The Chargers will seek approval to sell an 8% stake in the franchise to private investment firm Arctos at next week’s NFL team owners meetings.

The approval request was sent in a memo to NFL team owners, according to a person with knowledge of the memo not authorized to speak publicly about it.

If approved, Chargers owner Dean Spanos and siblings Michael Spanos and Alexis Spanos Ruhl would still own approximately 61% of the franchise.

The NFL spring meeting will be held Tuesday and Wednesday in Eagan, Minn.

It is the second major change for the Chargers ownership group in the last year after Detroit Pistons owner Tom Gores bought a 27% stake in the team in September. That transaction resolved a long-running dispute between Dea Spanos Berberian and her siblings as Gores and his wife bought Spanos Berberian’s share of the franchise.

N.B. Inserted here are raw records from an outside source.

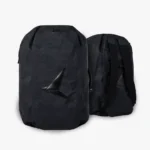 Elemental Duffel
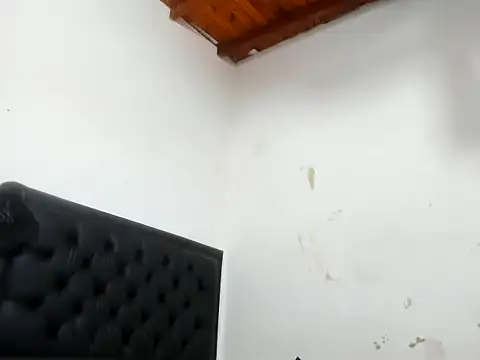 kevinkewman online show from 09.10.25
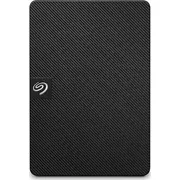 Seagate Expansion Portable External Hdd 1Tb Usb 3.2 Gen. 1 Black Stkm1000400 Dysk Czarny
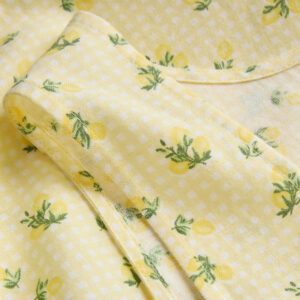 JXANNIKA SL SHORT DRESS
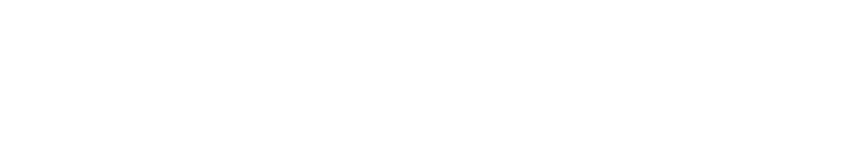main logo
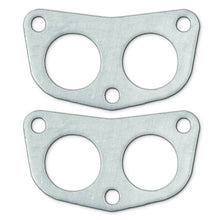 Load image into Gallery viewer, REMFLEX EXHAUST GASKETS 8053 - Exhaust Gasket Set Univ. OBX Headers image
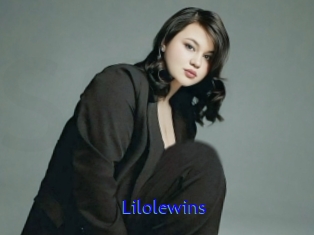 Lilolewins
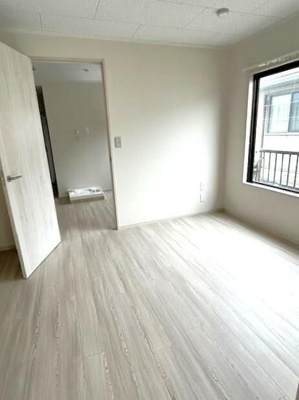 【その他】 | マンション雅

Players recently ranked Spanos and the ownership’s contribution to the Chargers’ success fifth-best out of 32 teams, according to an annual survey conducted by the NFL Players Assn. It was a stark improvement from the previous year’s rankings that placed ownership 24th in the league.

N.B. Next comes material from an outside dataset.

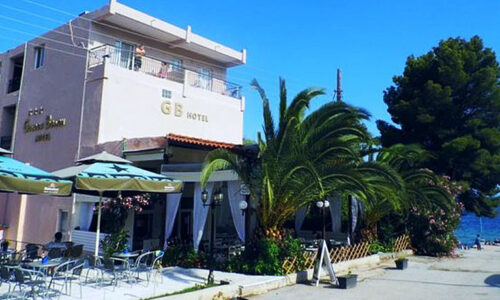 hotel-golden-beach-metamorfosis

The jump can be attributed to the team’s new $250-million facility in El Segundo, which opened last July. Spanos also brought in coach Jim Harbaugh, who led the team to an 11-6 regular-season record in his first season.

The team entered free agency with the second-highest salary-cap space in the NFL, according to Overthecap.com, but did not make many splashy signings. The biggest contract of the offseason went to free agent offensive lineman Mekhi Becton, who signed a two-year deal worth $20 million after winning the Super Bowl with the Philadelphia Eagles.